La direction artistique donne au jeu des allures de tableau.
C'est d'ailleurs là que le bât blesse : dans Diablo III, votre héros est un véritable morceau de pâte à modeler. Ce troisième volet ne vous propose plus de "construire" un personnage à proprement parler. Vous n'avez plus à upgrader ses caractéristiques, qui augmentent toutes seules au fil des niveaux, ni à sélectionner ses compétences sur des arbres dédiés, puisque vous débloquez automatiquement toutes celles qui sont réservées à sa classe. Vous devez par contre opérer quelques choix, car vous ne disposez que de six slots réservés aux compétences actives (les deux boutons de votre souris et quatre touches de raccourci). Mais ceux-ci ne sont en rien définitifs : vous pouvez revenir dessus à tout moment. Même constat concernant les compétences passives et le système de runes. Ce dernier est en soi intéressant, puisqu'il permet de nuancer l'effet de vos différents pouvoirs en augmentant leurs dégâts, en réduisant leur cooldown, etc. Mais dans les faits, il souffre d'un assistanat prononcé vu que chaque rune se débloque à un niveau donné, ne peut améliorer qu'une compétence déterminée, et peut être associée/désassociée librement.

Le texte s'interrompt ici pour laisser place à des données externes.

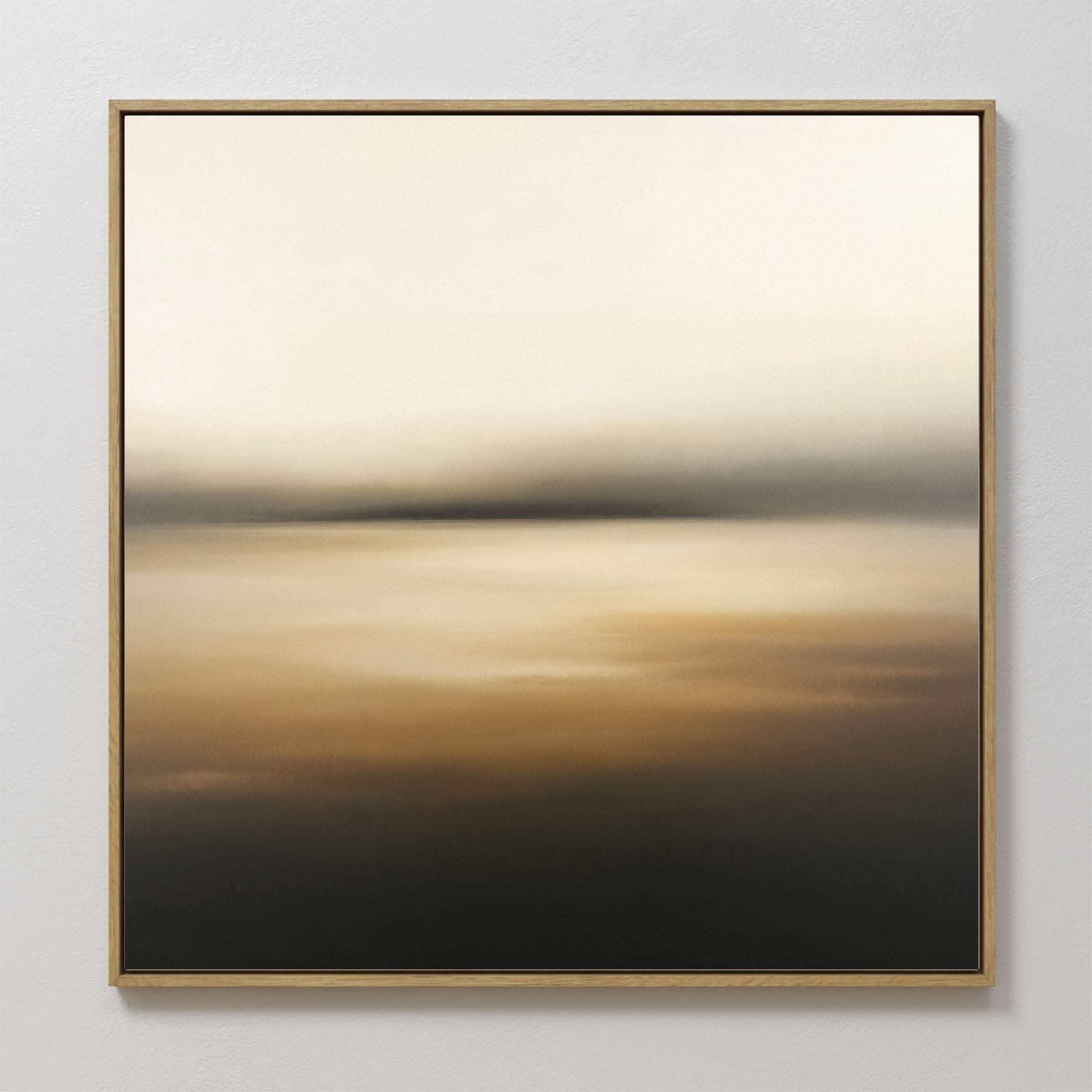 The Amber Fields Canvas Art - Square features soft, blurred gradients of cream, beige, brown, and black with subtle amber accents. This serene landscape print comes in a thin gold frame and is displayed on a white wall.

Bref, le jeu regorge d'options de personnalisation autorisant un nombre incalculable de builds possibles, mais vous n'avez plus aucune chance de vous "tromper" dans la mesure où vous n'êtes soumis à aucun choix déterminant. C'était l'objectif de Blizzard, qui qualifie volontiers Diablo III de "jeu d'aventure/action" sur son site officiel. Notez bien qu'outre les PNJ qui vous accompagnent parfois au gré de vos quêtes, vous pouvez être assisté d'un compagnon permanent, à choisir entre le templier, le brigand et l'enchanteresse. Bien que, là encore, la sélection possible de leurs compétences n'ait rien de définitif (un simple clic permet de tout remettre à zéro), on apprécie de pouvoir profiter de cette association pour combler ses propres faiblesses : le templier peut, par exemple, être orienté tank ou healer.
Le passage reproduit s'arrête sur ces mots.